New Zealand’s Jewish and Muslim communities plead for the Uighurs
Leaders of the New Zealand Jewish and Muslim communities have written to the country’s prime minister and foreign minister to join other countries in supporting China’s Uighurs calling their persecution as genocide.
The New Zealand Jewish Council’s president Stephen Goodman and Mustafa Farouk the president of the Federation of Islamic Associations of New Zealand penned a joint letter to Prime Minister Jacinda Adern and Foreign Minister Winston Peters expressing their “deep concern and anguish over the persecution of the Uighur population in the Xinjiang region of China”.

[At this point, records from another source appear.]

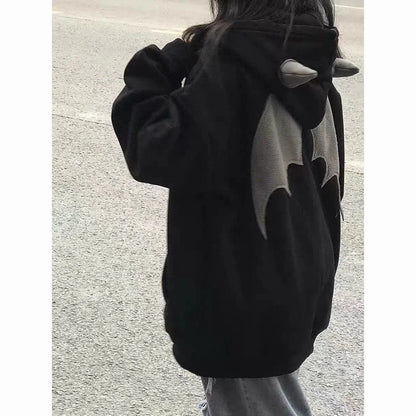 Hoodies Devil Women Men Dark Style Vintage Harajuku Hoody Zip Up Sweatshirt Hip Hop Streetwear Y2k Aesthetic Grunge Cardigan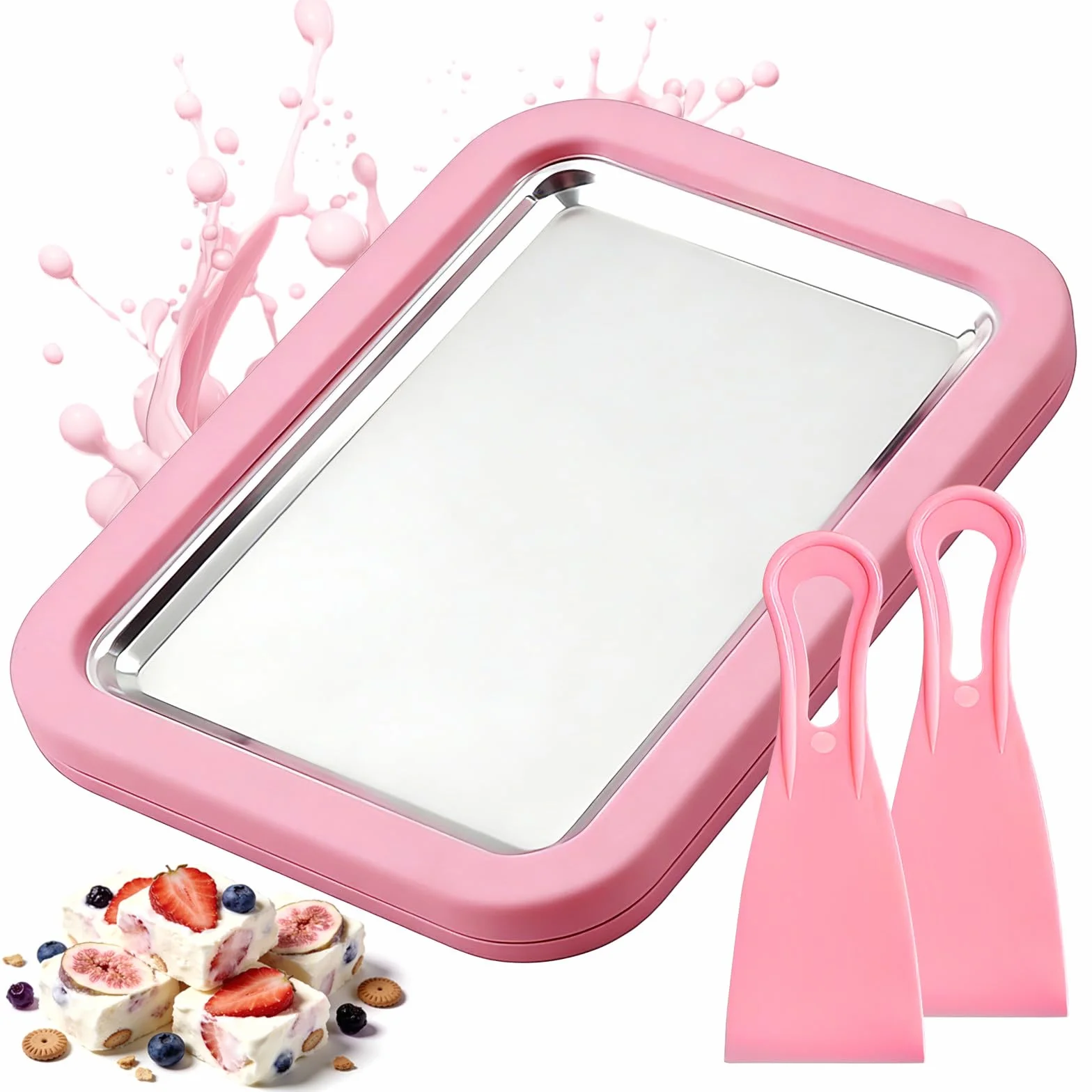 Płyta lodowa do robienia lodów, Ice Cream Machine Rolls Maker z 2 szpatułkami, maszyna do rolek lodowych ze stali nierdzewnej, nadaje się do DIY maszyn do rolek lodowych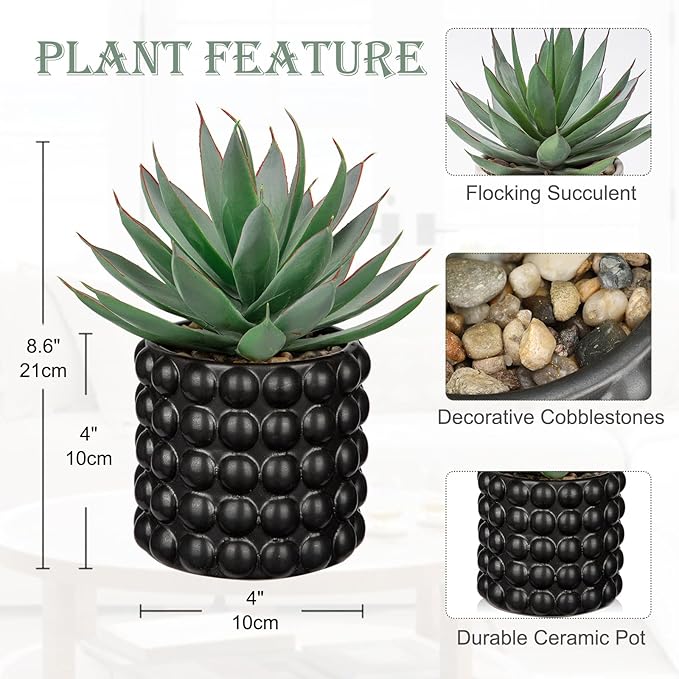 Briful Succulents Plants Artificial for Home Decor, Realistic Potted Fake Agave Plant, Bubbled Plant Pot, Cute Aloe Maguey Faux Plant, Shelf Tables Decor, Modern Farmhouse Home Decorations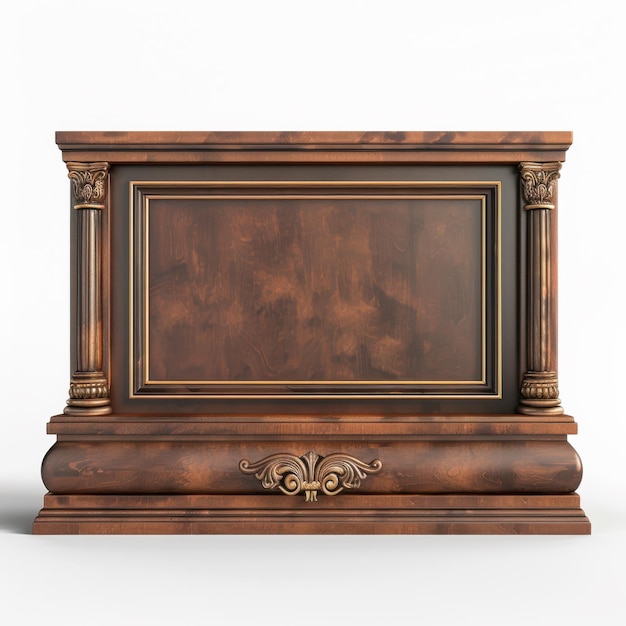 Elegant wooden box with ornate carvings and decorative columns on the front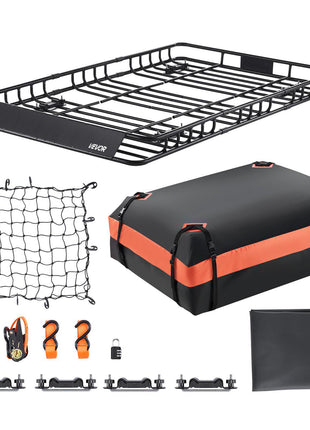 Roof Rack Basket, 64 x 39 x 4.1 in, Universal Rooftop Cargo Carrier with 44.1 x 34.3 x 10.2 in Cargo Bag, Net, Ratchet Straps, 250 lbs Max Load Capacity Car Top Luggage Holder, for SUV Truck Car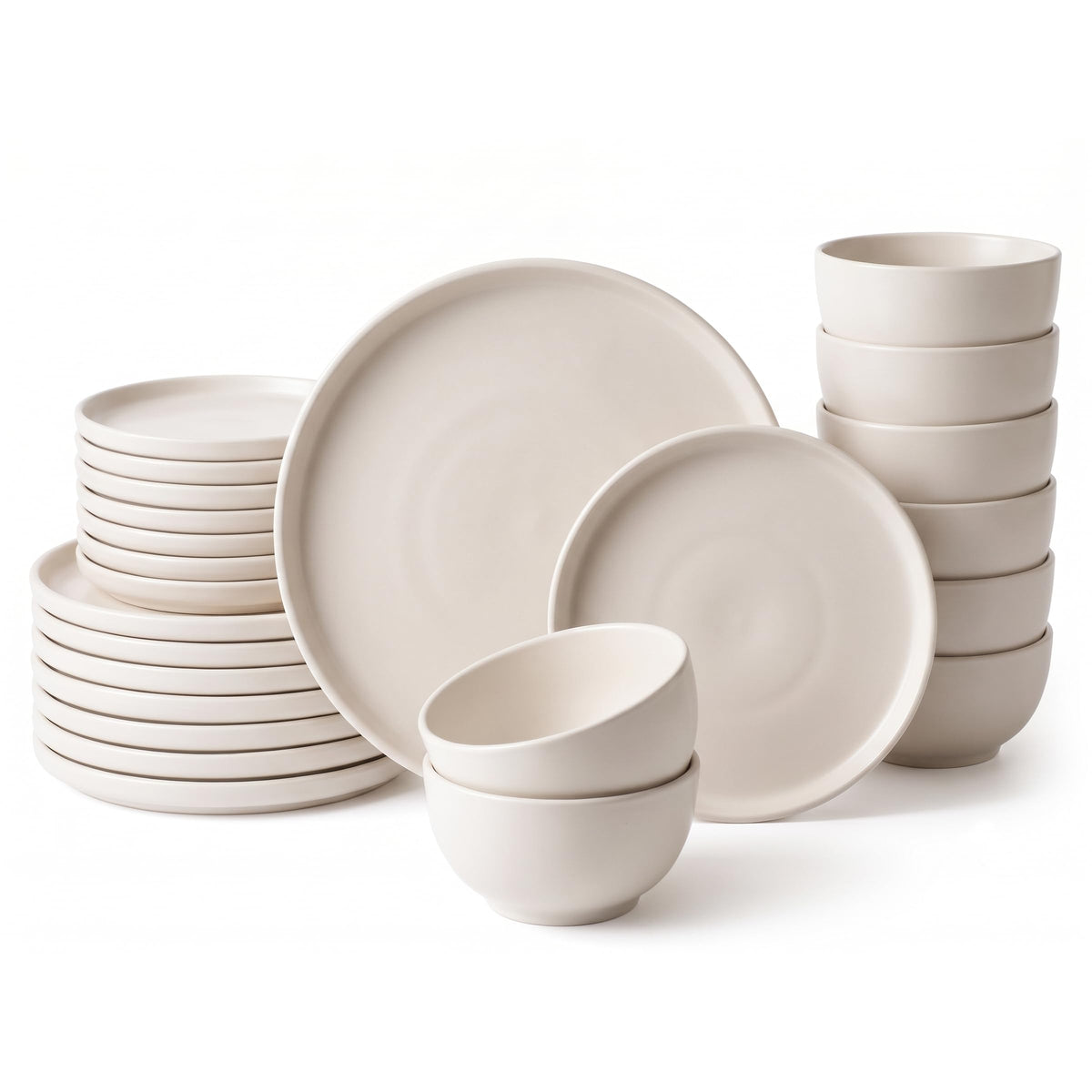 24 Piece Stoneware Dinnerware Sets, Ceramic Plates & Bowls Set for 8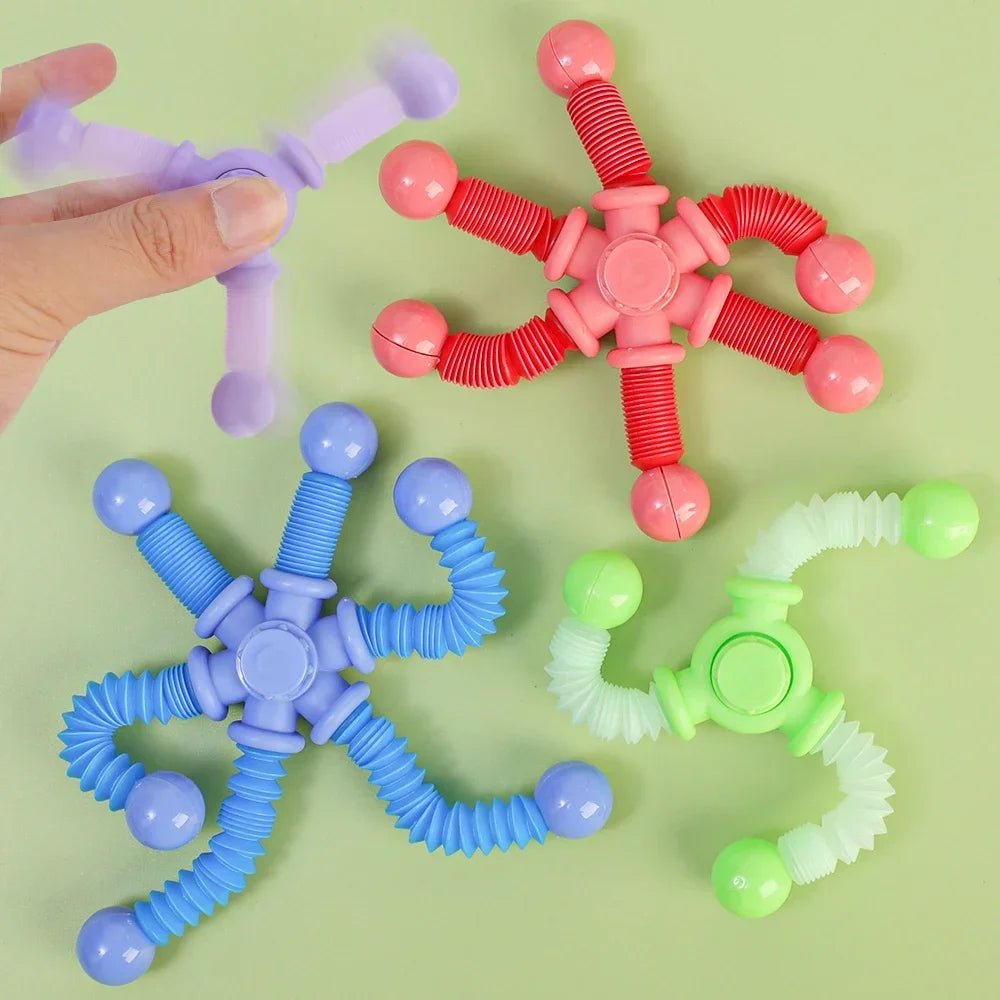 1pcs Fidget Spinner Toys Pop Tube Sensory Toys Suction Cup Games Plastic Transformable Stress Relief Adult Gifts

In the letter which mentions the Holocaust and quotes Auschwitz survivor Elie Wiesel they wrote: “Recently, there has been mounting and indisputable evidence of human rights atrocities being inflicted on the Uighur people by the government of the People’s Republic of China. This includes forced sterilisation of women, removal of children, torture, and repressive surveillance. Chinese citizens are being loaded into trains and transported to concentration camps, where they suffer abhorrent treatment, for no other reason than that their Muslim faith and their culture is considered undesirable by the regime. While there have been many grave human rights violations since the end of World War II, we have witnessed nothing of the nature, magnitude and sophistication of what the Uighur people are now suffering. We cannot say “we did not know”, because we do.
When we speak of the Holocaust and other genocides, we say “never again”. For these words to be more than a hollow slogan, indifference is not an option. We must not make excuses and we must take meaningful action.”
They pleaded: “We ask that the Government shows the moral leadership that New Zealand is known for, including after the Mosque attacks of last year, and urgently join with the United Kingdom and other allies in taking a stand, whether that be through sanctions or some other form.
And we must call this persecution what it is – Genocide.
We remember the Auschwitz survivor Elie Wiesel who said: ‘Sometimes we must interfere. When human lives are endangered, when human dignity is in jeopardy, national borders and sensitivities become irrelevant. Wherever men and women are persecuted because of their race, religion or political views, that place must – at that moment – become the centre of the universe’.”